Try going finer and reducing the dose -taste....

...then...

...Try increasing the dose and making the grind slightly courser - taste

experiment and see what tastes good


----------



## Milesy (Mar 8, 2012)

Yes coffee very fresh.

I can get lots that taste nice but for the benefit of experimentation I am trying to get a 2oz normalle shot which blondes at 30 seconds to see how it tastes and then using that as the baseline for this group of pulls.

I am not getting chanelling so with it blonding at 20 seconds most of the solids have been extracted. So how can I move the blonding point by 10 seconds keeping the same flow. This is the direction I want to experiment with.


----------



## MikeHag (Mar 13, 2011)

A big part of your blonding problem could be temperature rather than everything already being extracted. After running for 20 seconds the water temp is going to be cooler. If you PID the machine you may well get longer out of the shot before blonding.

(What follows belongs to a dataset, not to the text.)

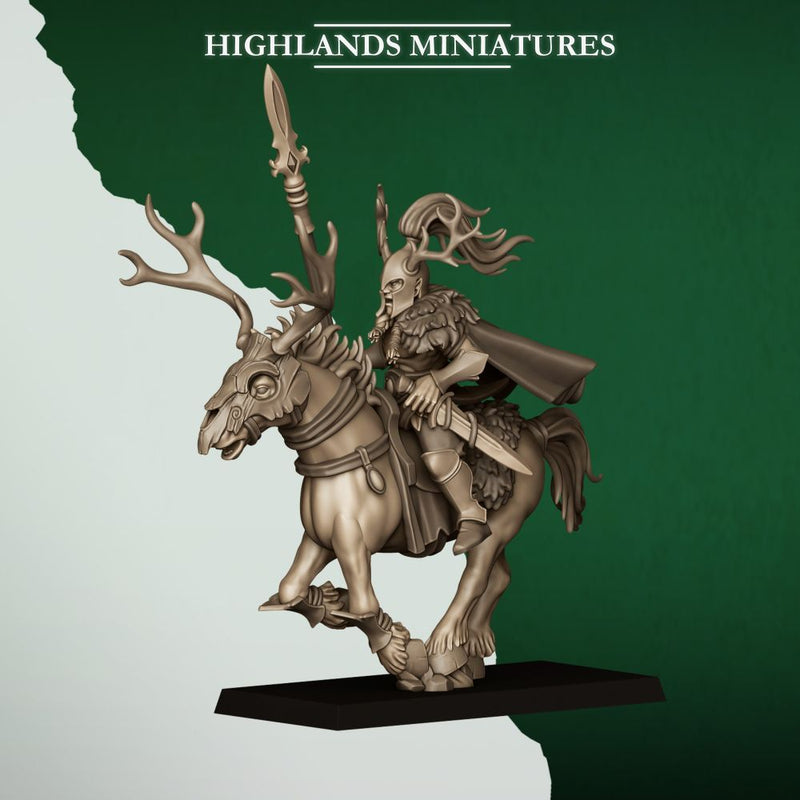 Feral Riders – Highlands Miniatures 3D printed tabletop miniature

A better grinder helps too.

Technique-wise, if you're not getting channelling then you could try as Gary says and increase the dose, so there are more solids to extract... a triple basket with a naked portafilter can make a nice brown extraction with a creamy taste if that's a route you'd be happy to go down... and there's no shame in it IMO.

Whatever happens, when you change something the taste will change too, so I'd say just be sure about what you're trying to achieve! Maybe you won't like the taste of a 30 second all-brown extraction.


----------



## Milesy (Mar 8, 2012)

Maybe your right gives me an experimentation point. 2oz in 30 seconds at 9 bar with a moderate dose just likee the italians say it should be. let's forget about taste for the moment (controversial). I just want to use the techniques to achieve the classic pour style and see how it goes


----------



## Milesy (Mar 8, 2012)

Say I stop at 20 seconds when it blondes. Would it be right to say it is neither under extracted or over extracted but the volume is wrong so then the pour is wrong for my experiment.

Can i not slow down the rate it extracts to blonding without giving more solids?


----------



## garydyke1 (Mar 9, 2011)

so many variables can affect the blonding point :

Channeling

Dose

Grind

Water pressure

Water temperature

Coffee and/or roast profile

For your experiment my instinct would be to increase the dose & back off on the grind


----------



## Milesy (Mar 8, 2012)

Thanks. 18g I find is my caffeine limit so I am wanting to work with 18g or less. How can I work with the blonding point going back the way?


----------



## MikeHag (Mar 13, 2011)

With the dosage set, there's no magic pill mate. A really good distribution will help... Weiss Distribution Technique (WDT). A really well fitting tamper. Temperature stability. Better equipment and more experience.


----------



## jimbow (Oct 13, 2011)

It is tricky but I would suggest focussing on the evenness of extraction. Firstly consider the distribution of grind particle size as this will affect things. I remember I used to get really early blonding on my first grinder because the grind was so uneven. You want to avoid too many fine particles or dust. I have never tried sifting coffee ground for espresso and not sure whether it is feasible but you could give it a try. The tamper - both its fit in the basket and shape - can make a difference too. Finally make sure you distribute the coffee well in the basket and you could try looking at the basket geometry - straight sides with a full width bottom, ideally with holes across the whole width and of an equal size. VST baskets are excellent in this regard - I found they produces much less pronounced blonding.


----------



## Milesy (Mar 8, 2012)

So far my extractions seem pretty even, but I am definately going to get the VST baskets as soon as I get paid and maybe a better fitting tamper as well. Thanks.

I have found that when I am running my shots through blonding a little it spaces out the taste a little more. When I am stopping it dead on blonding it is almost as if too much is packed into too small a package and it is hard to pick the tastes out on the tounge.


----------